> _About this exercise_: Without the pictures, repeat all of the data exactly as it appears below.

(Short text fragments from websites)
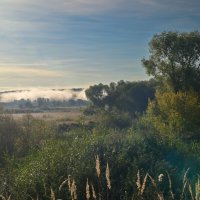 утро :: Константин Сафронов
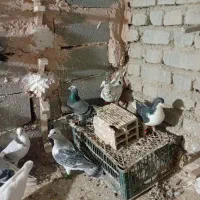 کفترپرشی|پرنده|اسفراین, |دیوار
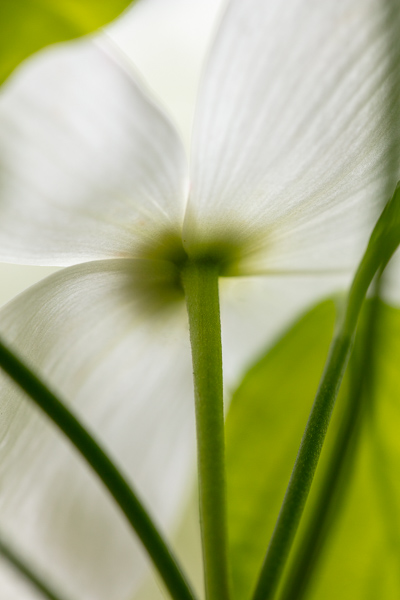 Bloom;Blossom;Blossoms;Botanical;Calm;Close-up;Dogwood;Flora;Floral;Floweret;Flowering;Flowers;Flowers & Plants;Healing;Health care;Healthcare;Leaf;Macro;Nature;Pastoral;Petal;Plant;Seasons;Spring;Springtime;bloom;botanicals;flora;floral;flower;green;leaves;oneness;peaceful;restful;serene;soothing;tranquil;wildflower;zen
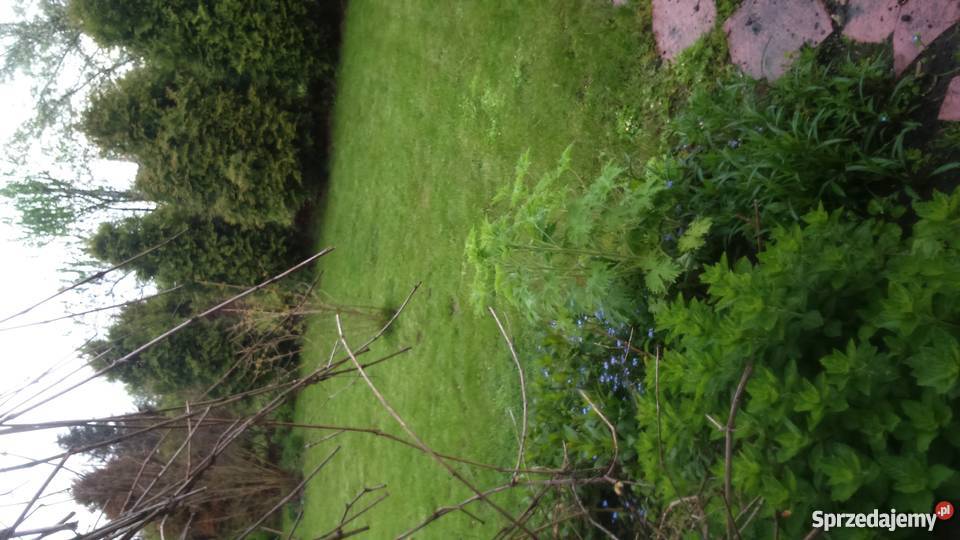 Ogródek działkowy Zabrze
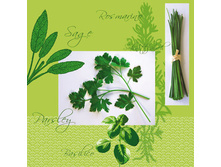 75-065-00 - ������� �����. ���� 0,16 ���� �� 1��..jpg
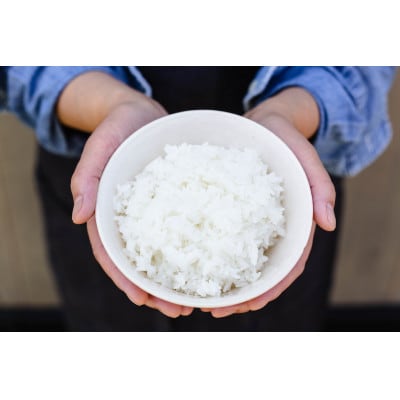 【五つ星お米マイスター厳選】青森県産　まっしぐら　白米10kg【1676690】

> _Completed task_:
 утро :: Константин Сафронов
 کفترپرشی|پرنده|اسفراین, |دیوار
 Bloom;Blossom;Blossoms;Botanical;Calm;Close-up;Dogwood;Flora;Floral;Floweret;Flowering;Flowers;Flowers & Plants;Healing;Health care;Healthcare;Leaf;Macro;Nature;Pastoral;Petal;Plant;Seasons;Spring;Springtime;bloom;botanicals;flora;floral;flower;green;leaves;oneness;peaceful;restful;serene;soothing;tranquil;wildflower;zen
 Ogródek działkowy Zabrze
 75-065-00 - ������� �����. ���� 0,16 ���� �� 1��..jpg
 【五つ星お米マイスター厳選】青森県産　まっしぐら　白米10kg【1676690】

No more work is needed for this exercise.